950 grams maple syrup
800 grams live vinegar (we prefer red wine vinegar, though cider vinegar works as well)
300 grams dark rum
200 grams water
Combine all the ingredients in a glass vessel large enough to hold them, and cover the opening with cheesecloth to allow for ample air flow to reach the vinegar stock. Store the container in an undisturbed, dark spot for at least four weeks.
After four weeks, test the vinegar for development. Once the alcohol has been completely fermented out of the stock, strain the vinegar and store it in sealed bottles or mason jars. It can be used immediately and will improve with age.
If you don't have a live wine vinegar to start the maple vinegar, you can buy unpasteurized cider vinegar, easily found in health food stores, to start your homemade vinegars.
It'll be soooo much easier just to buy vinegar =P
But at least now you know what goes into it! Actually making vinegar at home is pretty easy, as with many things, understanding the underlying process is the hardest part. :)
Sure it's easier to buy it... but it will be quite difficult to find a Negroamaro or Nero d'Avola wine vinegar for instance :-)
Who knows if favourite wines will make also favourite vinegar :)
Aki, why in grams and not mililiters (tablespoon/teaspoon)?
>> It'll be soooo much easier just to buy vinegar =P
Hello, and welcome to a section of PopSci entitled "DIY". That's short for "Do It Yourself", not "Buy It Yourself"! Talk about missing the point.

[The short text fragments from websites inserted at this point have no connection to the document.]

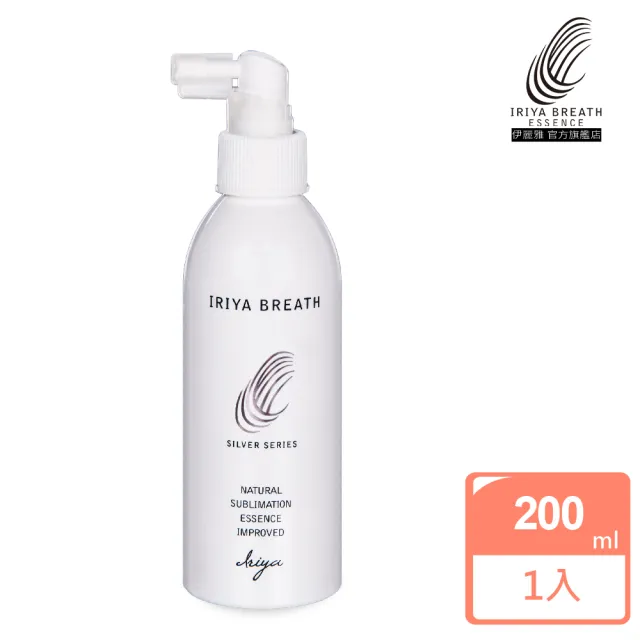【IRIYA伊麗雅】頭皮調理養髮液200ml(頭皮調理/頭皮水/強化髮根)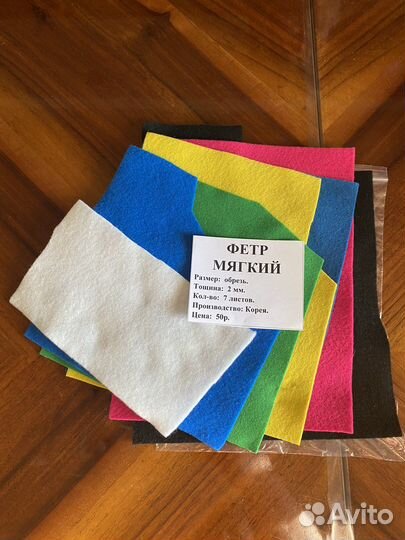 Фетр для рукоделия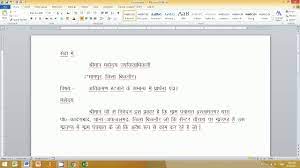 Softmaker freeoffice is a suite of office programs, and one of the included tools is a free word processor called textmaker. How To Type Professional Application In Ms Word Youtube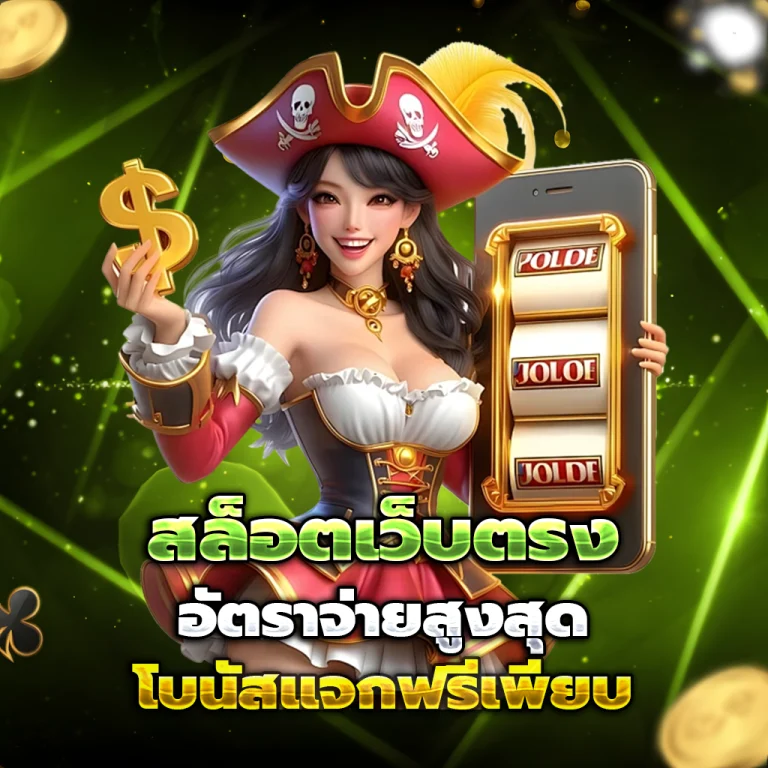 kazalong casino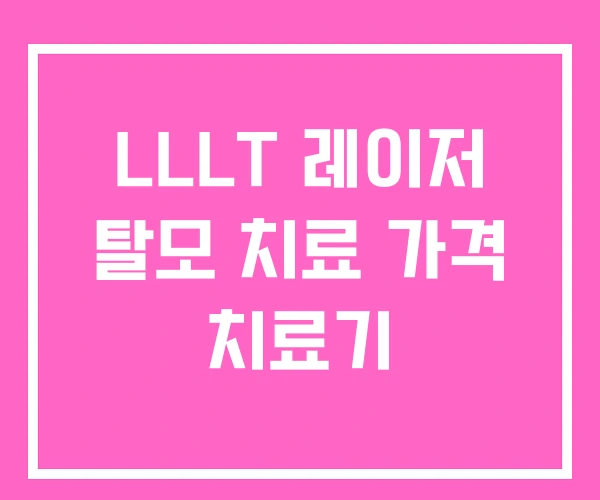 LLLT 레이저 탈모 치료 가격 치료기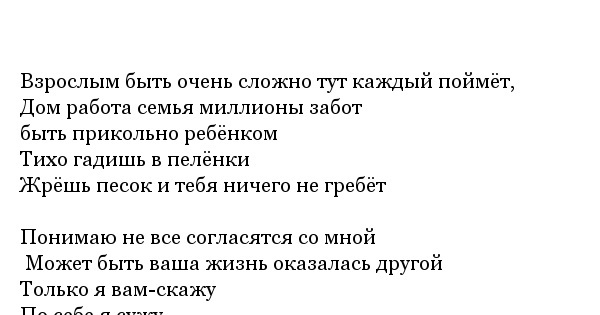 Будучи взрослым. Трудно быть взрослым. Быть взрослым. Тяжело быть взрослым. Почему трудно быть взрослым.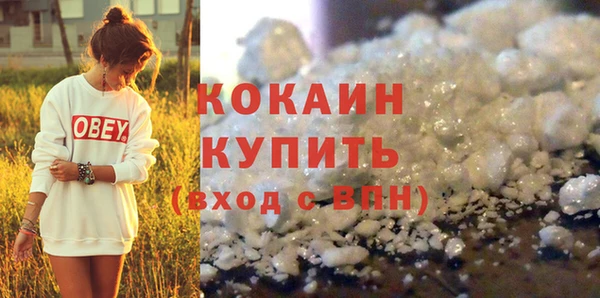 кокаин премиум Алексин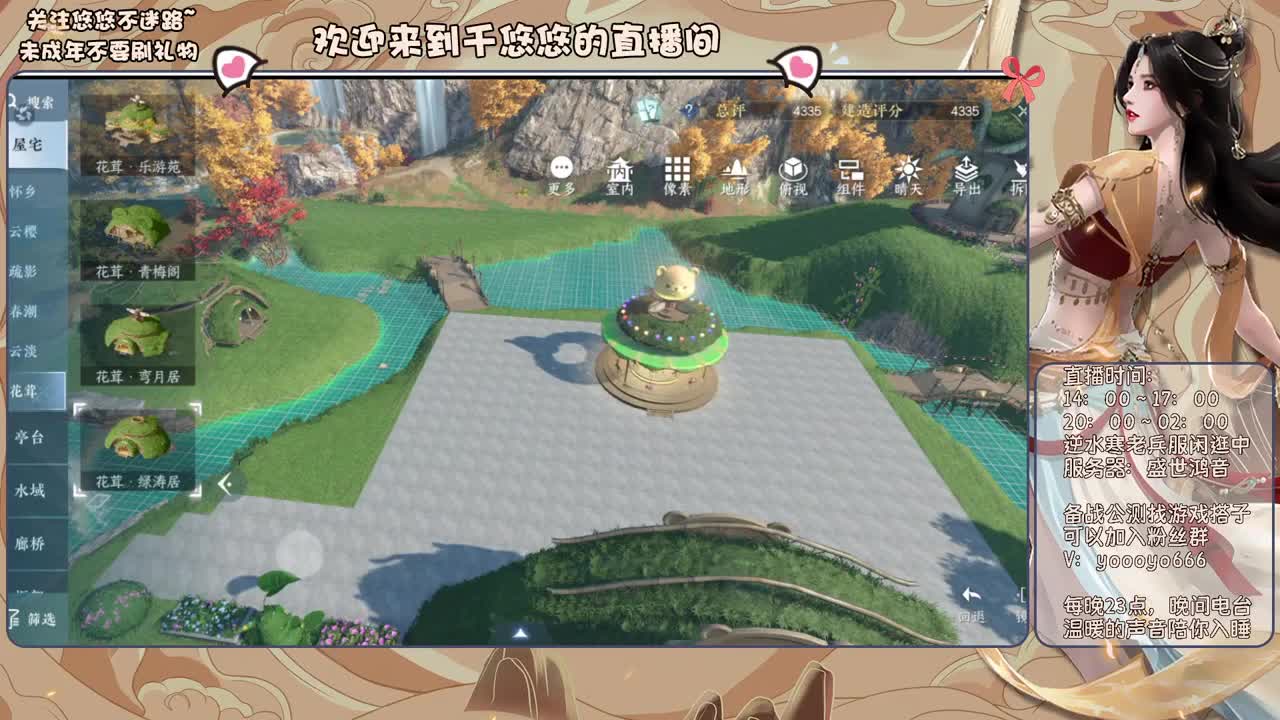 我倒要看看我能盖出啥东西来 第3段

I've wondered about making vinegar properly before, this is pretty interesting. I'd like a bit more detail besides "stick stuff in a jar with other live vinegar", but I'll go with that for now, at least. Here in wine country north of San Francisco, CA, we have plenty of neat varieties of grape juice to play with! It'll have a home in my "dark things brewing" UV-sensitive cupboard, next to the homemade vanilla extract with the good beans and the hint of spiced rum.
Nice idea and thanks for the tips
Wonderful idea, I am definitely going to try it.

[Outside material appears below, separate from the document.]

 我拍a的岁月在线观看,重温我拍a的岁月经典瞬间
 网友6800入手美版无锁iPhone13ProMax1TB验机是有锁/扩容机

Wonderful article, we are embarking on a gourmet vinegar making trial, and this article has helped me understand the process, and I feel come up with a nice balance between home making (great taste), and commercial production (larger batches and more product). Going to try that Maple one, and going to try a honey mead one as well.
I've got my first attempt at DIY vinegar going and just realized, like a fool!, that while my jar is glass, the spout is sealed with plastic! is this a problem?! I know vinegar can react with plastic & bad things will happen, i don't quite know what tho. Its a very small surface area of plastic & its been about 3 weeks & everything looks & smells fine so far :/ Any thoughts?